> [Assigned task]: Look through the data below for the line with "Egyptian Queen Candle" and the line with "Red and White", then transcribe exactly from the first through the second, leaving out all pictures.

> [Source records]:
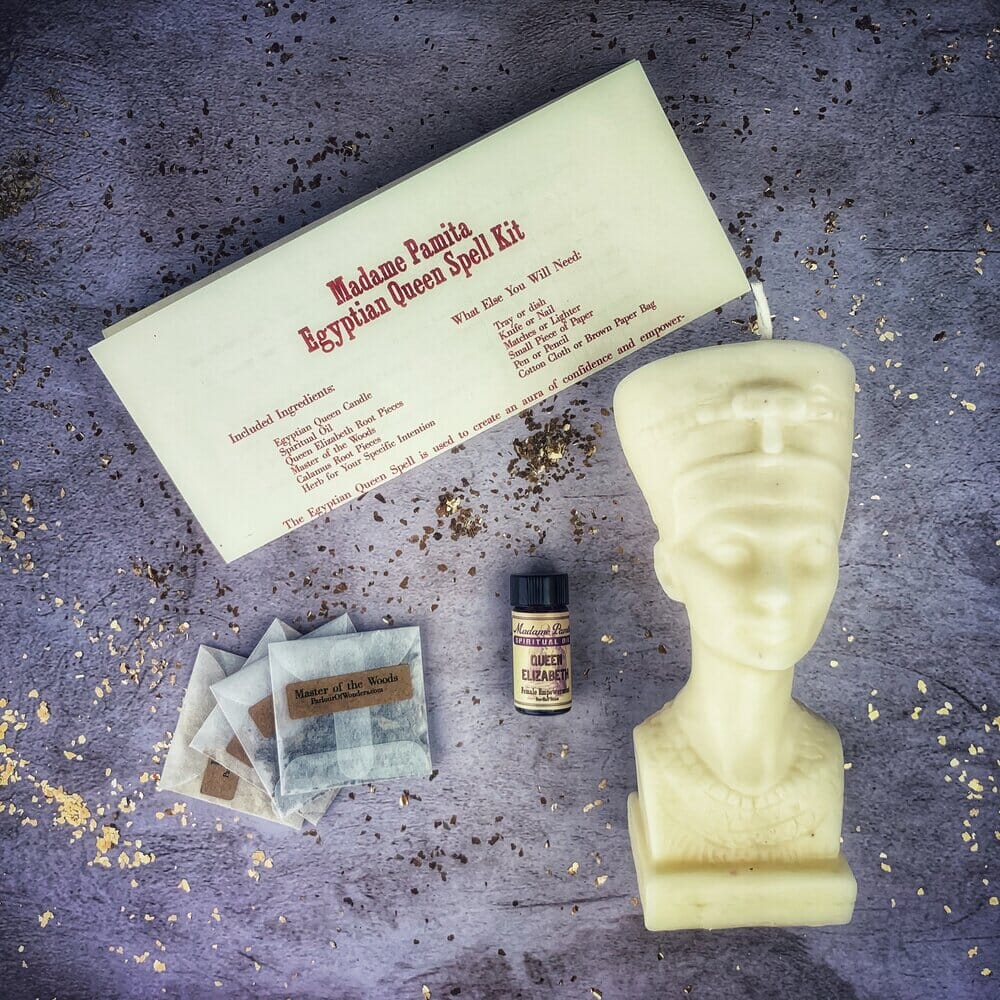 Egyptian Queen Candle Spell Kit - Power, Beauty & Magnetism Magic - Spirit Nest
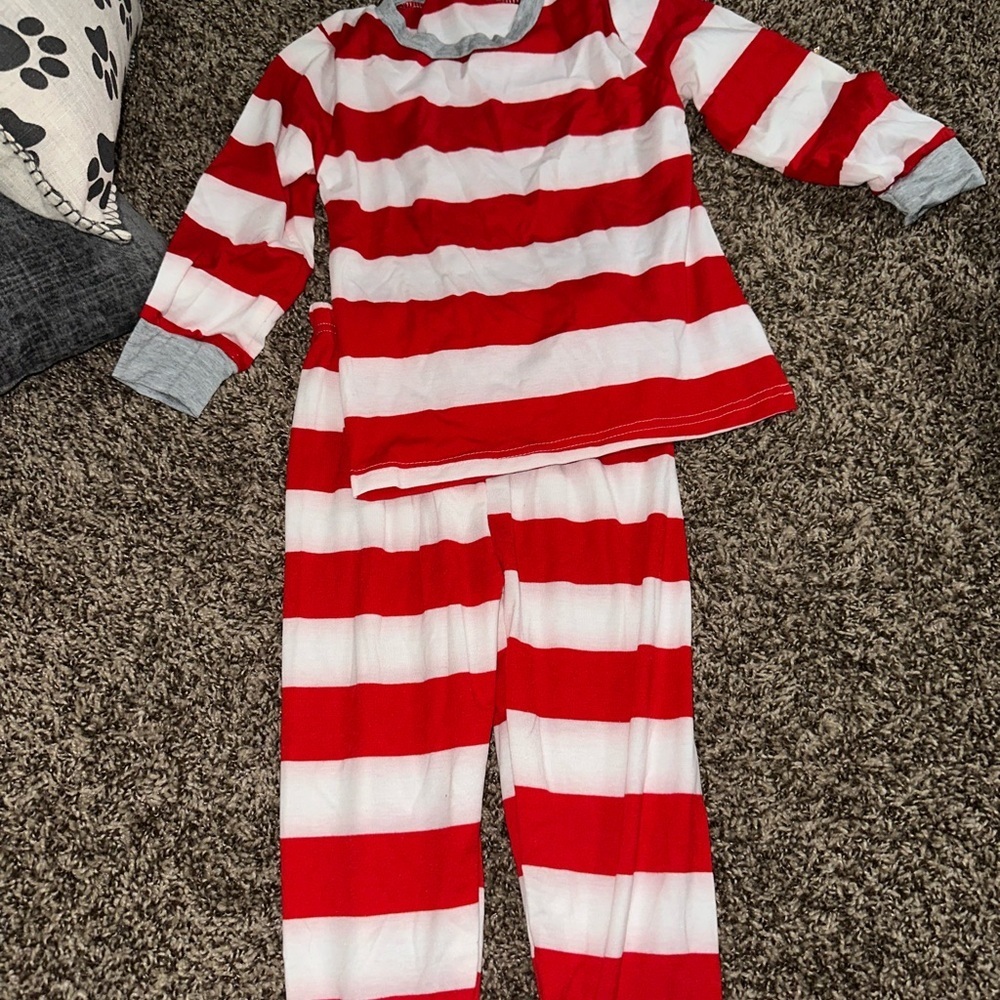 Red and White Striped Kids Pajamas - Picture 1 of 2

--

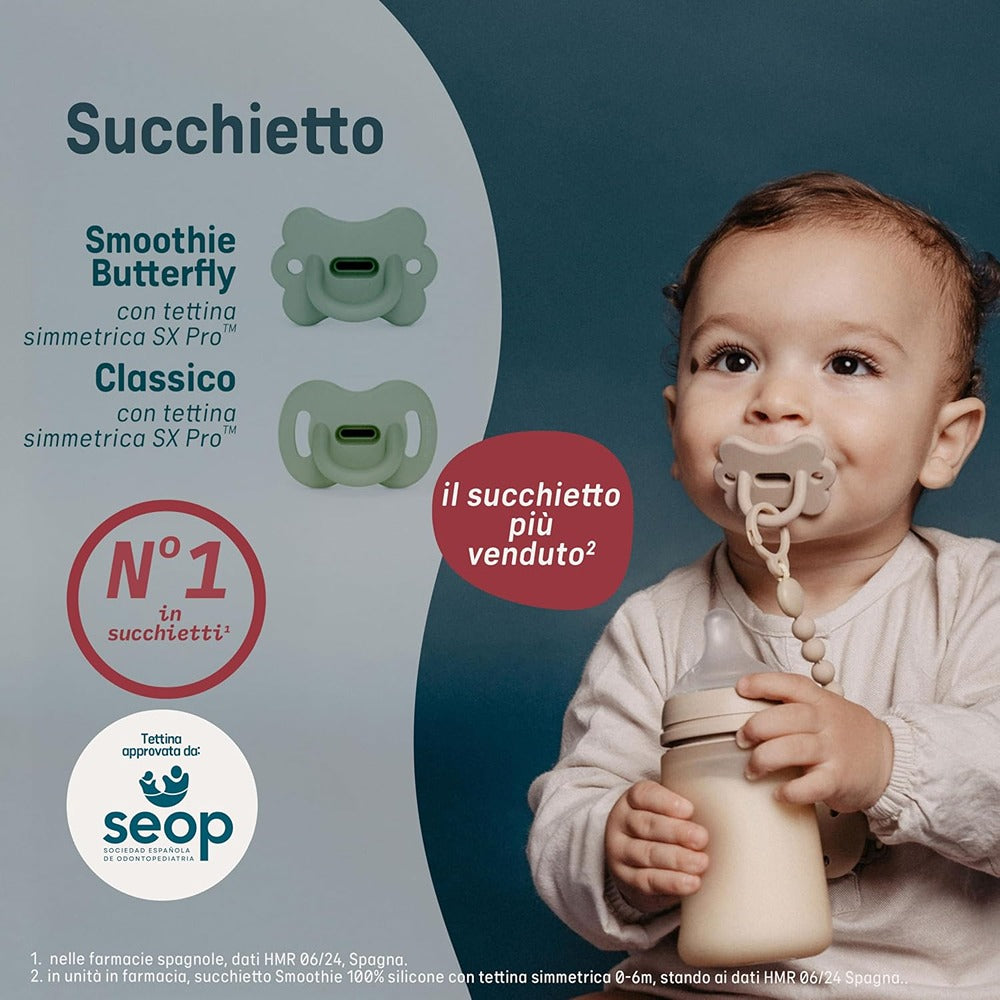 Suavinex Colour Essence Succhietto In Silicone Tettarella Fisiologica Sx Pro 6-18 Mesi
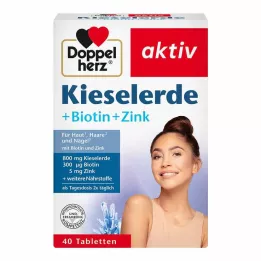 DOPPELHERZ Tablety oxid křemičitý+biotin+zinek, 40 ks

> [Written response]:
 Egyptian Queen Candle Spell Kit - Power, Beauty & Magnetism Magic - Spirit Nest
 Red and White Striped Kids Pajamas - Picture 1 of 2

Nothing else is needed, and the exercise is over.